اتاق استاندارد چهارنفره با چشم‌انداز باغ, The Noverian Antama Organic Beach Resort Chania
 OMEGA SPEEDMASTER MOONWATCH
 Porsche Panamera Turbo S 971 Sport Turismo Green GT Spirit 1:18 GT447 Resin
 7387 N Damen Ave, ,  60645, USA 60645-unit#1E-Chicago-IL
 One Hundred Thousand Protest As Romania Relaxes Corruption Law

========================================================================

[Work task]: The line with "7387 N Damen" marks where to start. Transcribe from there through the final line of the records, exactly and with nothing added.

[Answer box]:
 7387 N Damen Ave, ,  60645, USA 60645-unit#1E-Chicago-IL
 One Hundred Thousand Protest As Romania Relaxes Corruption Law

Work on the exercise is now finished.